Mais le problème majeur mis en lumière par le halving est celui de l’énergie. “Les mineurs enregistrent des pertes quand leur électricité est trop chère”, signale Sébastien Gouspillou, dont les activités en France ont cessé depuis 2019, entre autres, pour ce motif. Or, la tendance est plutôt à la hausse tout autour de la planète. Laissant, à l’heure du halving, deux options aux mineurs. “Rendre plus efficaces leurs machines et agrandir leurs propres capacités, afin d’avoir plus de volume et négocier les tarifs à la baisse”, explique Youssef El Manssouri, à la tête de l’entreprise Sesterce et qui dispose quant à lui d’activités de minage en Norvège et aux Etats-Unis, pays où se trouvent la majorité des mineurs.

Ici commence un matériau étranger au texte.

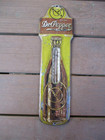 Vintage Dr  Pepper Soda Pop Thermometer Sign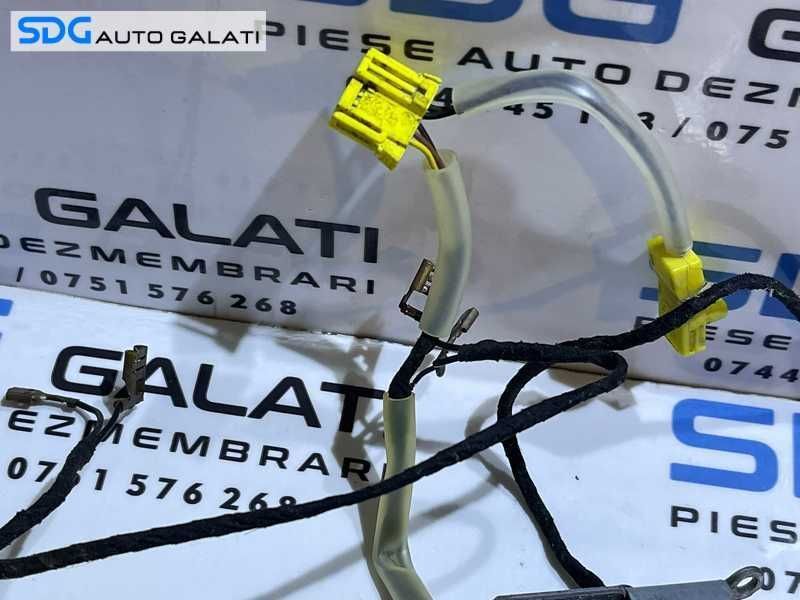 Comanda Comenzi Volan cu Cablaj Instalatie Skoda Octavia 1 2001 - 2011 Cod 3U0419091G [D0762]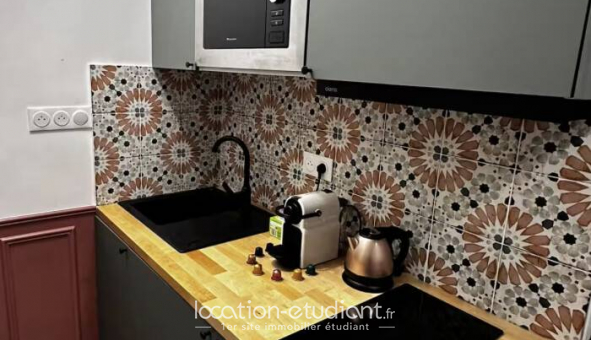 Logement �tudiant Studio &agrave; Paris 11�me arrondissement (75011)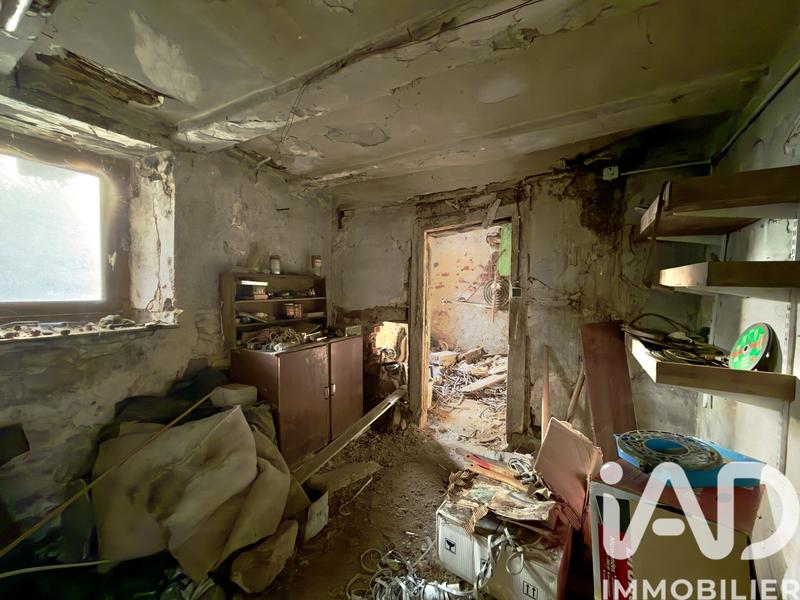 Maison de ville - 200 m² - 6 pièces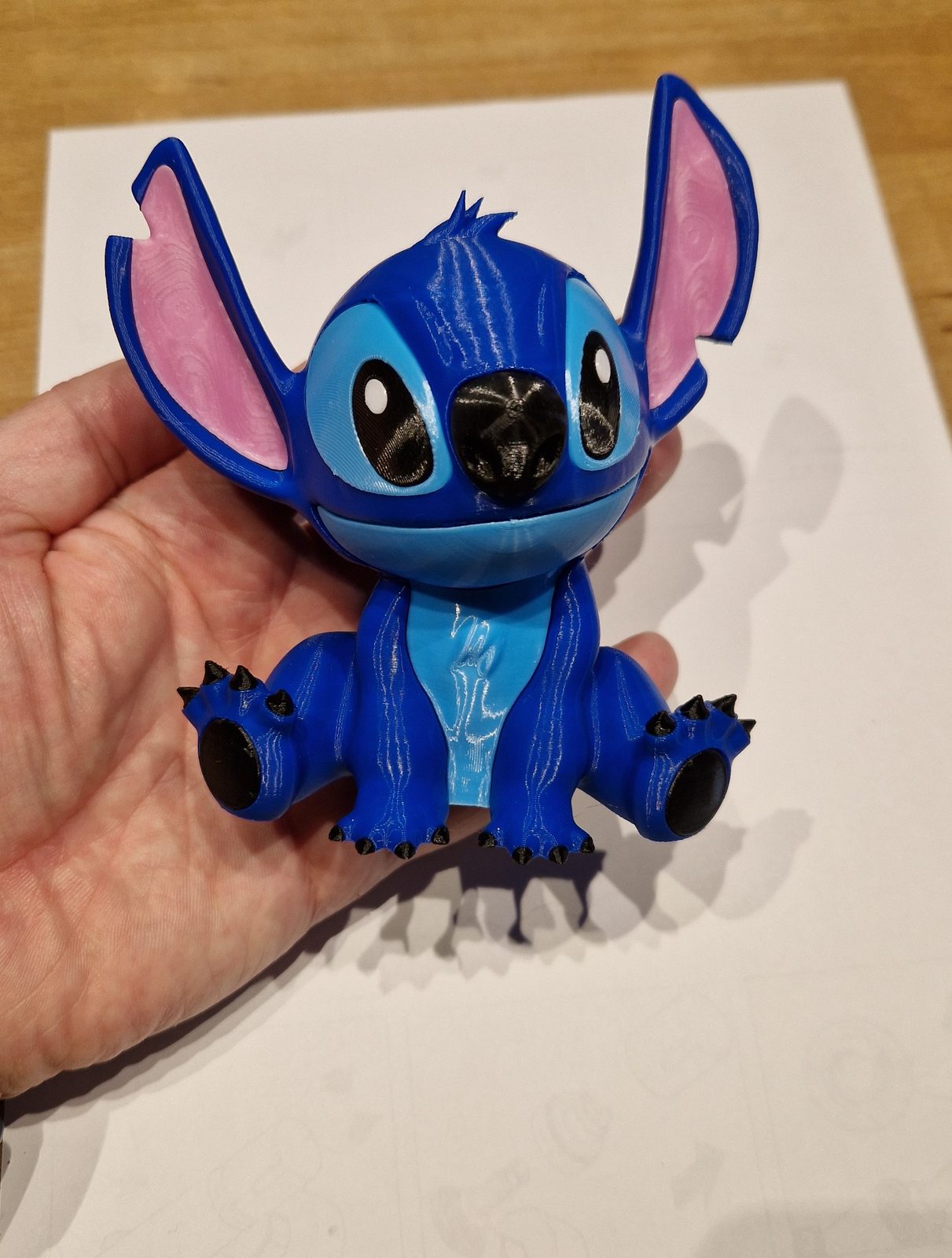 #272 Stitch — vue 3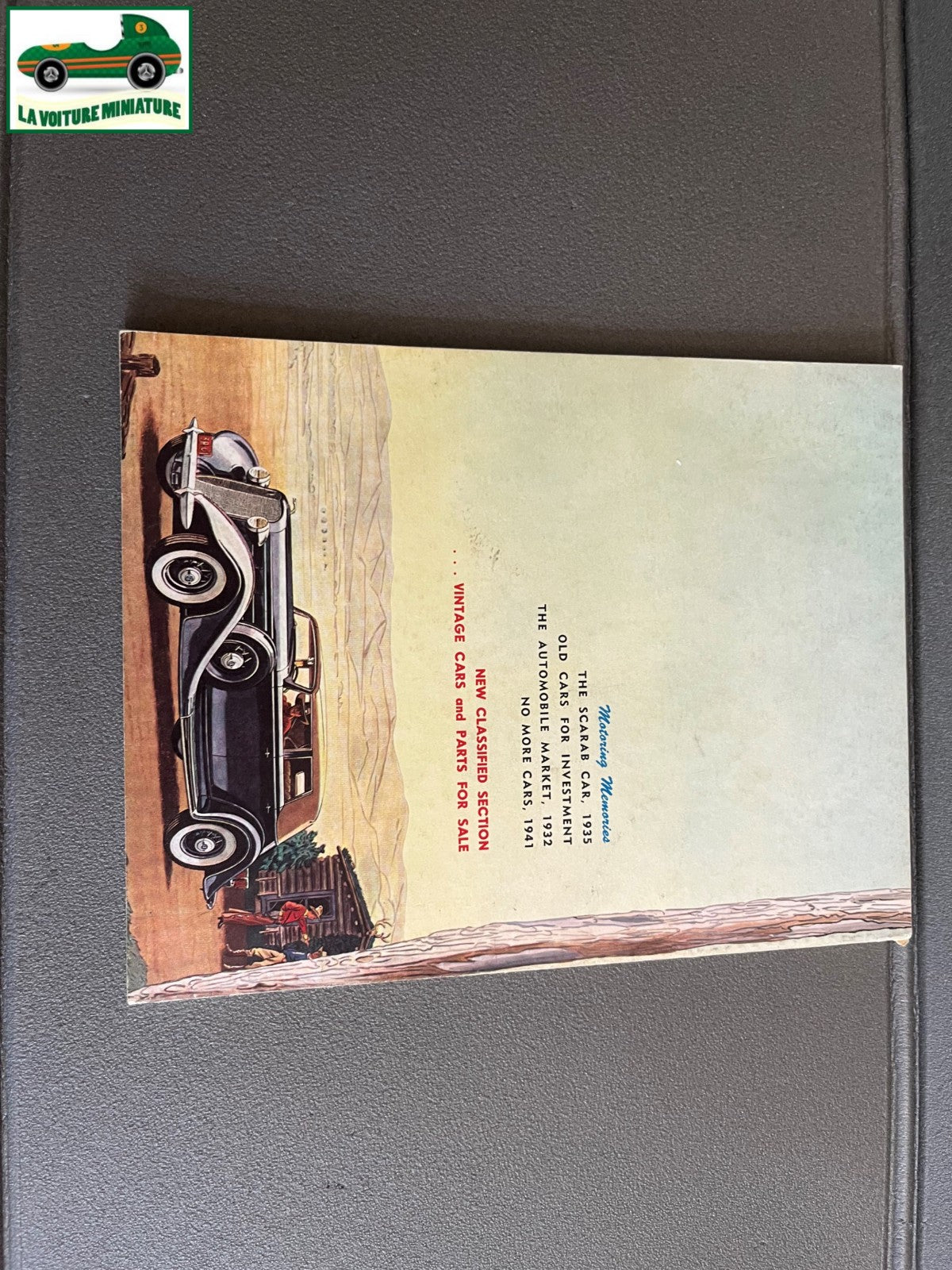 Livre Voiture Automobile Old Car Value Guide Volume 2 Number 4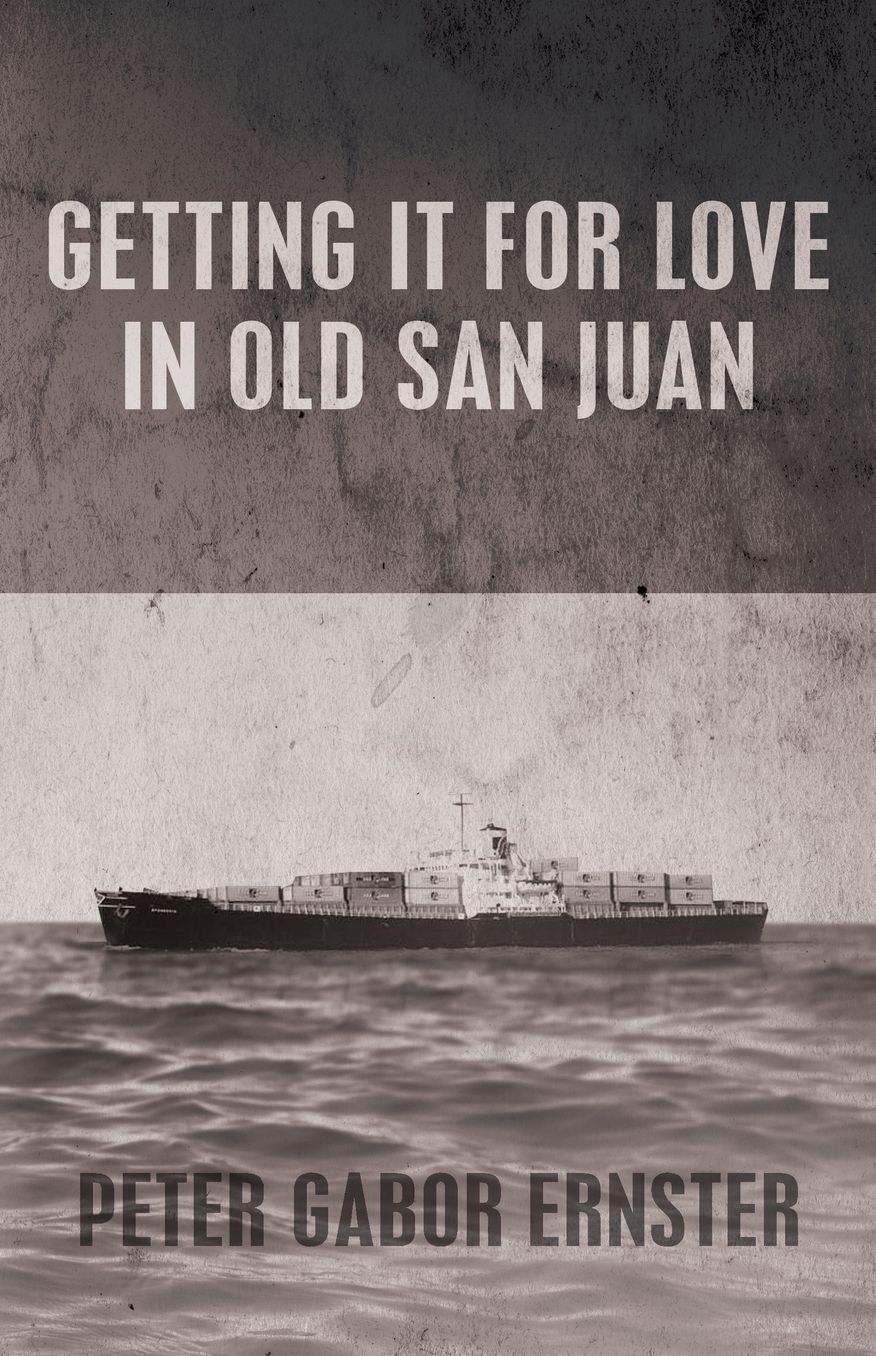 Getting It For Love In Old San Juan
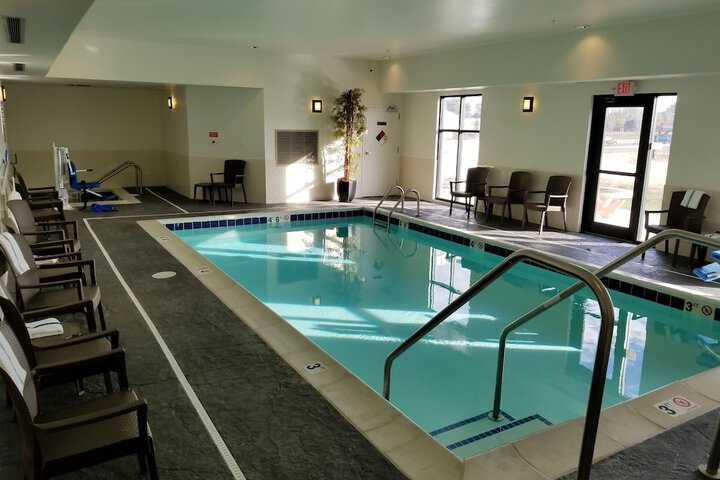 Sleep Inn & Suites Ames near ISU Campus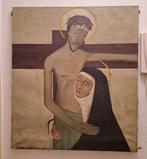 Religieuze Schilderijen, Antiek en Kunst, Kunst | Schilderijen | Klassiek, Verzenden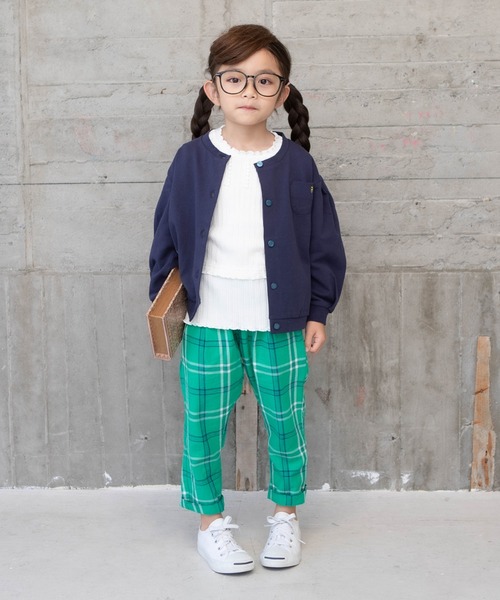 RAGMART（ラグマート）の「テーパードパンツ（その他パンツ・キッズ・ベージュ/ネイビー/グリーン・120cm/130cm/110cm/100cm）」の6枚目の写真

Ou délocaliser leurs installations. “C’est un des intérêts du mining du bitcoin : on peut s’installer partout”, affirme Sébastien Gouspillou, qui s’est tourné vers le Kazakhstan, et surtout l’Afrique, en Ethiopie et au Congo, dans le Parc des Virunga. Tout en scrutant sans cesse sa mappemonde avec appétit. “Les pays avec des surplus hydroélectriques deviennent des eldorados pour les mineurs.” Les bons coins se partagent vite au sein de la communauté. “L’Islande est un site minier idéal en raison des basses températures, ce qui réduit le coût de l’équipement de refroidissement”, distingue par exemple sur son blog la plateforme de paiement spécialisée Cryptomus.

Un bitcoin haut, des mineurs heureux

Stabilité politique, nature de l’énergie, taxation, d’autres paramètres compliquent toutefois les velléités de départ. “En Estonie, le paiement des impôts sur le revenu des cryptomonnaies est très strictement surveillé. L’extraction de toute crypto-monnaie, y compris Bitcoin, est imposable”, prévient notamment Cryptomus. Alors, le meilleur allié de l’industrie minière face au halving reste, en dernier lieu, le bitcoin lui-même. Car la cryptomonnaie, en dépit de ses fluctuations – faisant temporairement perdre de l’argent aux mineurs – poursuit son inexorable ascension. Cela, grâce à des signaux positifs pour son adoption, à l’image de la création des “ETF bitcoin spot”, des produits d’investissements grand public répliquant son cours, et grâce à la rareté orchestrée par le halving, qui le rapproche d’un actif comme l’or. Si bien que “les mineurs n’ont aujourd’hui jamais aussi bien gagné leurs vies”, rappelle Sébastien Gouspillou. Même en prenant en compte une hausse du prix de l’énergie, lors de la dernière division par deux de la récompense, le bitcoin s’échangeait autour de 8 000 dollars. Soit sept fois et demie moins qu’aujourd’hui.

Le rythme actuel des halving – tous les quatre ans jusqu’aux 21 millions de bitcoin, soit aux alentours de 2140 -, pose plutôt question à long terme. Pour le PDG de Marathon Digital, l’un des géants du secteur, le cours ne doit désormais plus tomber sous les 46 000 dollars, faute de quoi la récompense ne couvrira pas tous ses investissements en matériel et en énergie. D’ici huit ans, le gain pour chaque bloc validé sera inférieur à un bitcoin. Ce dernier devra donc être beaucoup plus haut. Puis encore plus quatre ans plus tard, et ainsi de suite. A ce rythme infernal, “seuls les mineurs les plus sophistiqués, capables de s’approprier les plus gros volumes d’énergie subsisteront”, souffle Youssef El Manssouri, qui a déjà fait pivoter une partie de son activité vers l’intelligence artificielle. La bataille pour mettre la main sur les deux derniers millions de bitcoins fera forcément des victimes.